The Bible is like a telescope in this regard. There is a right and a wrong way to look through it. This may be surprising for some, but any spiritual activity can be done for the wrong reasons. Just as we can pray for the wrong reasons (James 4:3), and fast for the wrong reasons (Isaiah 58:4), we can also study for the wrong reasons (2 Timothy 2:15, Titus 3:9) – looking, as it were, through the wrong end of the telescope.
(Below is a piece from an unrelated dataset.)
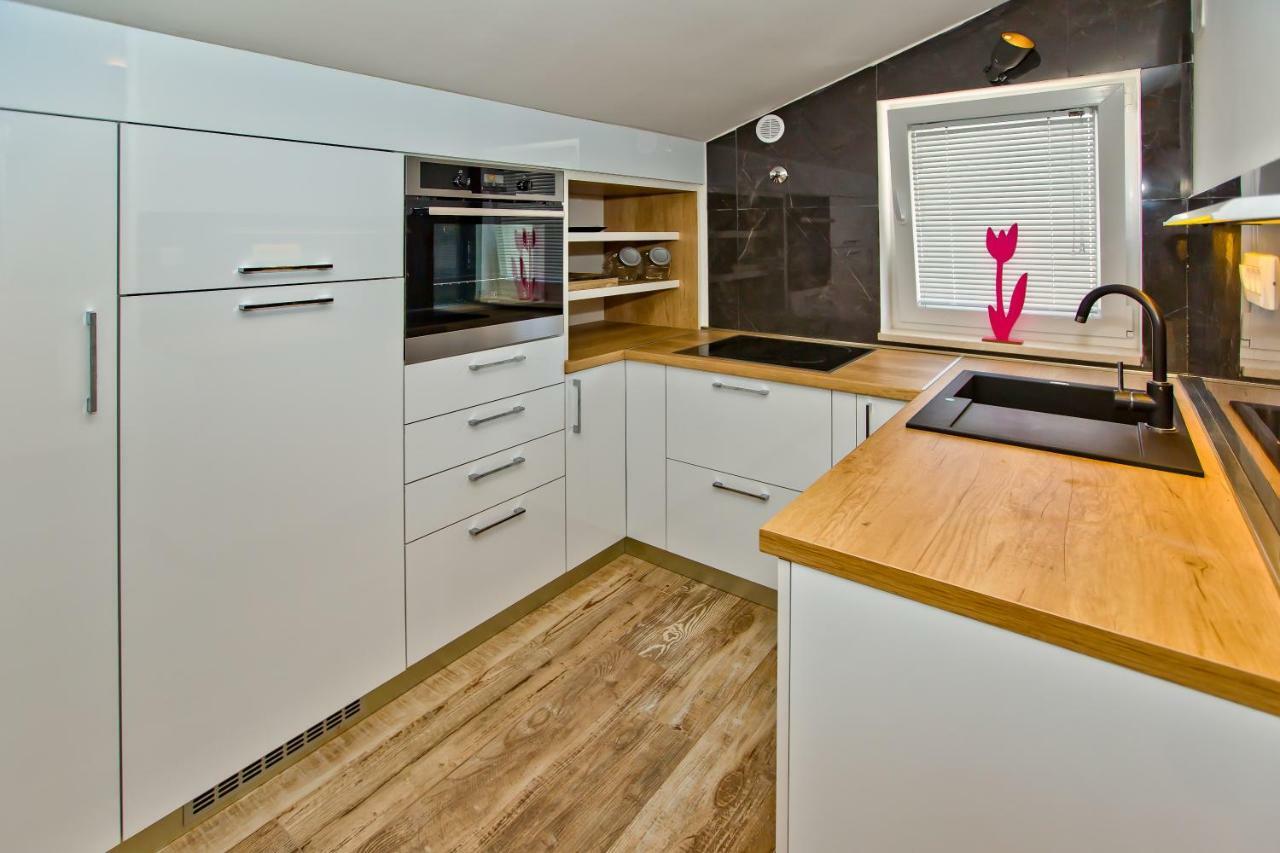 Apartments Bubalo Đảo Hvar Ngoại thất bức ảnh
How can this be? We can do this if we look at the Bible so it is pointing at us – looking to see what is of interest to us, or just at the old favorite scriptures which are comfortable to us. We can do this if we study in order to justify our beliefs, our ideas. We can do it if we get caught up in primarily studying doctrine, history, prophecy or any other area of personal interest. When any of these things becomes the regular focus of our study, we are “turning the telescope” and as a result God looks small and distant when viewed in this way.
The real reason to study the word of God is God. The point of our study should always be to grow in our understanding of God and His Son. That’s where the focus should be. Notice what Jesus Himself said about this: “You study the Scriptures diligently because you think that in them you have eternal life. These are the very Scriptures that testify about me, yet you refuse to come to me to have life” (John 5:39-40). The word of God does have the key to life, but it is found in the message about the promised Messiah and what His life, death and resurrection mean to us along with the role model His life is for us. That is why the apostle Peter wrote: “But grow in the grace and knowledge … of our Lord and Savior Jesus Christ…” (2 Peter 3:18): not knowledge of doctrine or prophecy, not knowledge of only encouraging scriptures, but knowledge of the One to whom all scriptures point.
It is only as we look into the Bible the right way round – with the “telescope” pointing at God and not at us – that we see God. It is then that we see ourselves in perspective, and our interests and our issues become relatively small and insignificant. It is then that God seems great and near, and our study of God’s word becomes the most meaningful.